Smith noted the difficulty of marketing the school to a potential buyer, in part because the request for proposals to date have not included the Housy Dome, the gymnasium annex of the former school that is currently used as a popular community center.
The Housy Dome also contains about 15 parking spots that would presumably be unusable for the new developer of the Housatonic School and its tenants. Without Housy Dome parking, the school building itself has only a handful of spaces, far fewer than would be necessary for the uses suggested by the committee: a child care facility or office condominiums.
On the other side of the property lies the school’s former playground, which is now a popular town park and children’s playground. Would it be possible to create parking on that side of the building? Perhaps, but it would entail reducing the size of the park, which is not a popular option in the village of Housatonic. Pruhenski said the school property does extend a few feet onto the grassy flat section at the top of the park.
“If you put one foot on that park space, there will be a riot,” said Smith, who chairs the town parks and recreation commission. “I don’t know if we can take a 5-foot easement off the park in Housatonic. You may have a foot or two of wiggle room.”

Tim Newman agreed that housing is not a viable use of the space and noted the lack of reliable and affordable broadband service in Housatonic. He added that: “Some community use, combined with an income-producing business, to me is the way to go. There are lots of people here who are self-employed … it’s a great opportunity for various configurations of work … To do that and be viable, it would need to have very high-quality internet or no one will go there.”
Leigh Davis, the selectboard’s representative to the committee, said the town could work through the Berkshire Regional Planning Commission to identify available grant opportunities, including MassWorks.
Davis is development director for the Eagle Mill redevelopment project in Lee. Eagle Mill worked with the town to obtain a crucial MassWorks grant of nearly $5 million to bring water lines to the Eagle Mill site.
Davis noted that a phase one environmental site assessment was completed in September 2012. Though the assessment has since expired, it found that no further investigation was warranted, Davis said.
“We have a guide to help us and we’re not reinventing the wheel,” Davis said. “We might be eligible for grants for remediation, then sell it off to a developer.”

“If the town turns over a building with a clean bill of health and lets the developers do everything else, that’s the best chance,” added Newman.

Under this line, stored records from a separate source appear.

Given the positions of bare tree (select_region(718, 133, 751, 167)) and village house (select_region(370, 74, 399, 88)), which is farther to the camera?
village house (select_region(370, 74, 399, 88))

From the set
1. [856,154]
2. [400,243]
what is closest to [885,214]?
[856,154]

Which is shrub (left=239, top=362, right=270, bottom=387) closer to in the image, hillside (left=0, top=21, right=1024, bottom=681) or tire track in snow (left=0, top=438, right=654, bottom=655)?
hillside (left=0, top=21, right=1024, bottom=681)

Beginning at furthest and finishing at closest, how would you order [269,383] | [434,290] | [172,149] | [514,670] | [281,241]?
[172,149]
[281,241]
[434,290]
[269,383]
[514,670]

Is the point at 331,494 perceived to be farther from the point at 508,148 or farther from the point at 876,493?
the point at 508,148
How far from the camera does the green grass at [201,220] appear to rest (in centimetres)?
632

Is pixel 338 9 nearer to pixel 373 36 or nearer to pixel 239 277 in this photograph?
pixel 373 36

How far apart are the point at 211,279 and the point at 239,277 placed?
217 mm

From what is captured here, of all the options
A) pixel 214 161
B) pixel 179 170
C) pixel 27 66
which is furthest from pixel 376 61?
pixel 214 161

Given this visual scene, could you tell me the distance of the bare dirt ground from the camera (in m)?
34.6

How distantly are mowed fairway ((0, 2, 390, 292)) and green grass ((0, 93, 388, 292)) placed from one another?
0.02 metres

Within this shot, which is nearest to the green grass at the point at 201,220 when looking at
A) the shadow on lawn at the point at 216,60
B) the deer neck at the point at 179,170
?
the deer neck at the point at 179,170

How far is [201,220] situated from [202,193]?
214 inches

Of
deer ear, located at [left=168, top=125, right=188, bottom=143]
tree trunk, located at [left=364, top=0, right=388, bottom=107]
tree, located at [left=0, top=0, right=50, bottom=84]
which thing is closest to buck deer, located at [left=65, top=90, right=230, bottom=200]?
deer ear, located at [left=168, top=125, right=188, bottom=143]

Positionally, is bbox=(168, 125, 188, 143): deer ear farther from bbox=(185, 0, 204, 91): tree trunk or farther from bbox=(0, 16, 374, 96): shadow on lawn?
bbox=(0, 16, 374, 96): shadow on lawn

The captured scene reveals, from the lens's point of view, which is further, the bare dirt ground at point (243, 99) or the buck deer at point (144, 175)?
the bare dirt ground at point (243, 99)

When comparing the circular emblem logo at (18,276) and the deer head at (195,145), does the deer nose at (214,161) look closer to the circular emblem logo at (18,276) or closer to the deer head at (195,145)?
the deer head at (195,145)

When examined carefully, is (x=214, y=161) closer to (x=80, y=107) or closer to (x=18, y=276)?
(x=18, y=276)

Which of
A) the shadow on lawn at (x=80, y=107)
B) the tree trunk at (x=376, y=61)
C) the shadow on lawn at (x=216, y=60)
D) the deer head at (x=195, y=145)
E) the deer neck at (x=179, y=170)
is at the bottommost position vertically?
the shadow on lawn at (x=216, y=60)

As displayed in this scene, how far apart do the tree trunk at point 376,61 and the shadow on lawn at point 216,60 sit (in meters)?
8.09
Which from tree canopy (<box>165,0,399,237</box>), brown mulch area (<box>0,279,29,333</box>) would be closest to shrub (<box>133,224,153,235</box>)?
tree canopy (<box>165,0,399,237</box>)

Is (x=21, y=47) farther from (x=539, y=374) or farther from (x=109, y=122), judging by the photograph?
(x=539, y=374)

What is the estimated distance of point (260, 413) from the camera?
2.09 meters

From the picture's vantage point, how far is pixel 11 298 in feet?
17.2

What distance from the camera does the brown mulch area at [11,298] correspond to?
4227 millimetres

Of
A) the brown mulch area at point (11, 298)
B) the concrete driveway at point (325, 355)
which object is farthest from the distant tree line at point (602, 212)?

Shuttered by the Berkshire Hills Regional School District more than 10 years ago, the Housatonic School has a long and checkered history. The former community elementary school opened in 1909 and has remained mostly empty since 2003 when Berkshire Hills consolidated its schools with a new regional elementary- and middle-school campus on Monument Valley Road.
The Community Development Corporation of South Berkshire in 2013 proposed a mixed-use development that included 11 units of affordable housing, and commercial space, including space for nonprofits and even a satellite office for police. But then-town manager Kevin O’Donnell put the kibosh on the proposal after strong community opposition. Click here to read an Edge story looking back at that time.
Most recently, in June, the town pulled the plug on a proposal by Grayhouse Partners to redevelop the building through a public-private partnership. Click here to learn more about that proposal, which called for a mixed use of the building that included so-called business incubator spaces, and collaborative workspaces for technology and business. The proposal, which would have left the town the owner of the school, struggled to find adequate funding.
Tuesday’s selectboard meeting on the Housatonic School begins at 7 p.m. in the Housy Dome. The school is the only item on the agenda.